Bruxelles, 24/11/2015 (Agence Europe) - Les députés de la commission des libertés civiles du PE (LIBE) ont demandé, lundi 23 novembre, en adoptant une résolution, que l'agence européenne de gestion de la coopération aux frontières européennes, Frontex, établisse un « mécanisme pour traiter les plaintes individuelles sur des violations alléguées des droits fondamentaux des migrants et demandeurs d'asile », indique un communiqué. Les députés veulent que la Commission européenne inclue des dispositions en faveur de ce mécanisme dans une révision de la réglementation Frontex prévue en décembre qui servira de cadre aux nouvelles propositions sur les gardes-frontières européens.

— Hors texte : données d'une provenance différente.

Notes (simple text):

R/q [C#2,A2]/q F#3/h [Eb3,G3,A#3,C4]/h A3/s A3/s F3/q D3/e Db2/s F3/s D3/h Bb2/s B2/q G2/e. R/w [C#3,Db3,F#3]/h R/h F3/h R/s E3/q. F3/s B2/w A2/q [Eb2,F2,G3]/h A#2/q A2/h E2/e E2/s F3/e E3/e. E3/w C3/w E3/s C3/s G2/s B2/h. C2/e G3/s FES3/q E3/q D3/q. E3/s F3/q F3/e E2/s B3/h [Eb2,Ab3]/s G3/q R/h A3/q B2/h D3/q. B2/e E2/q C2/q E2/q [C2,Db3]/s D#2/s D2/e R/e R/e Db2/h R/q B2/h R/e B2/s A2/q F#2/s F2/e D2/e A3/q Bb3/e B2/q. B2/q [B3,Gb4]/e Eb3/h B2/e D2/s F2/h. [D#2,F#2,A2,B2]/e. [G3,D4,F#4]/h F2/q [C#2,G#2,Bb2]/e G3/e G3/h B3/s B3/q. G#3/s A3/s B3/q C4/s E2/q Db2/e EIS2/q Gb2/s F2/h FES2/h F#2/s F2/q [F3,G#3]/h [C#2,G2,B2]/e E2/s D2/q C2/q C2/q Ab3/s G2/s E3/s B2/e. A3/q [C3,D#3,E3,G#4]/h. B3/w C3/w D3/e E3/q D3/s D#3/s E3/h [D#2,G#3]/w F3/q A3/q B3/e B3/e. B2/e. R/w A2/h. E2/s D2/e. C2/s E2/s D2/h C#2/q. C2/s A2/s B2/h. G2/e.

La proposition de résolution, adoptée par 62 voix pour, 11 voix contre avec 6 abstentions, soutient une recommandation de 2012 du Médiateur européen. Ce mécanisme devrait permettre de rendre possible des plaintes contre les gardes-frontières portant l'insigne de Frontex et toutes les personnes portant l'insigne de Frontex devraient porter leur nom ou un numéro d'identification visible sur leur uniforme. « Toute personne qui se sent lésée par des gardes-frontières portant l'insigne de Frontex devrait avoir le droit d'introduire une plainte », disent les députés. Les parties tierces devraient aussi pouvoir soumettre une plainte au nom de plaignants de bonne foi. Toutefois, afin d'empêcher les abus du mécanisme de plaintes, les députés recommandent de refuser les plaintes anonymes.
Ils demandent aussi que des ressources supplémentaires soient allouées pour assurer que le bureau des droits fondamentaux de Frontex soit équipé correctement et dispose du personnel adéquat pour gérer les plaintes. Ils soulignent la nécessité de protéger en particulier les mineurs non accompagnés, les femmes victimes de persécutions basées sur le genre, les personnes LGBTI et d'autres groupes vulnérables. Le vote en plénière aura lieu le 2 décembre à Bruxelles.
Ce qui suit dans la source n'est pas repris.